Originally Posted by GGGGGGGGGGGGGGGGGG
Let ABC be a triangle such that angle ACB = 135°. Prove that:

$\displaystyle AB^2=AC^2+BC^2+\sqrt{2}\times AC\times BC$

I really have no Idea how to solve this, any help is really appreciated. Thanks

That looks very similar to the law of cosines.. by the way you have to add spaces after \times when what follows are letters, otherwise it won't render. I fixed it while quoting you.
• Jul 20th 2010, 01:26 AM
CaptainBlack
Quote:

Originally Posted by GGGGGGGGGGGGGGGGGG
Let ABC be a triangle such that angle ACB = 135°. Prove that:

$\displaystyle AB^2=AC^2+BC^2+\sqrt{2}\times AC\times BC$

I really have no Idea how to solve this, any help is really appreciated. Thanks

Are you sure that's it? It is the cosine rule applied to the given triangle (or have I missed something?), in which case it looks a bit easy to be an IMO question
• Jul 20th 2010, 02:45 AM
Quote:

Originally Posted by GGGGGGGGGGGGGGGGGG
Let ABC be a triangle such that angle ACB = 135°. Prove that:

$\displaystyle AB^2=AC^2+BC^2+\sqrt{2}\times AC\times BC$

I really have no Idea how to solve this, any help is really appreciated.
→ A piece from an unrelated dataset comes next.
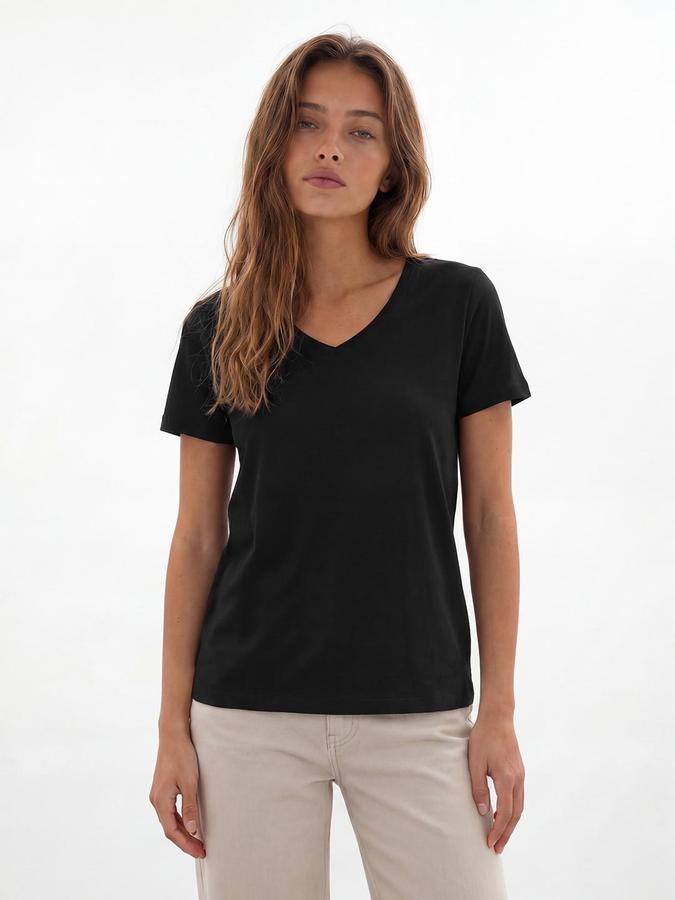 R&B Womens Classic Black Solid V-Neck Half Sleeve Regular Fit T-Shirt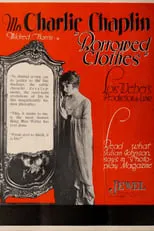 Elizabeth Inglis interpreta a Barbara en Borrowed Clothes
Thanks

You can also form a right-angled triangle by standing the triangle on side CB (or side AC).
Drop a vertical to O from A and join O to C such that OCB is a straight line.
This requires only Pythagoras' Theorem.

Then..

$\displaystyle |OA|^2+|OC|^2=|AC|^2$

$\displaystyle |OA|^2+\left(|OC|+|CB|\right)^2=|AB|^2$

$\displaystyle |OA|=|OC|$ since $\displaystyle |\angle OCA|=45^o$

$\displaystyle |OA|^2+|OA|^2+2|OA||CB|+|CB|^2=|AB|^2$

Finish with

$\displaystyle 2|OA|^2=|AC|^2\ \Rightarrow\ |OA|=\frac{|AC|}{\sqrt{2}}\ \Rightarrow\ 2|OA|=\sqrt{2}|AC|$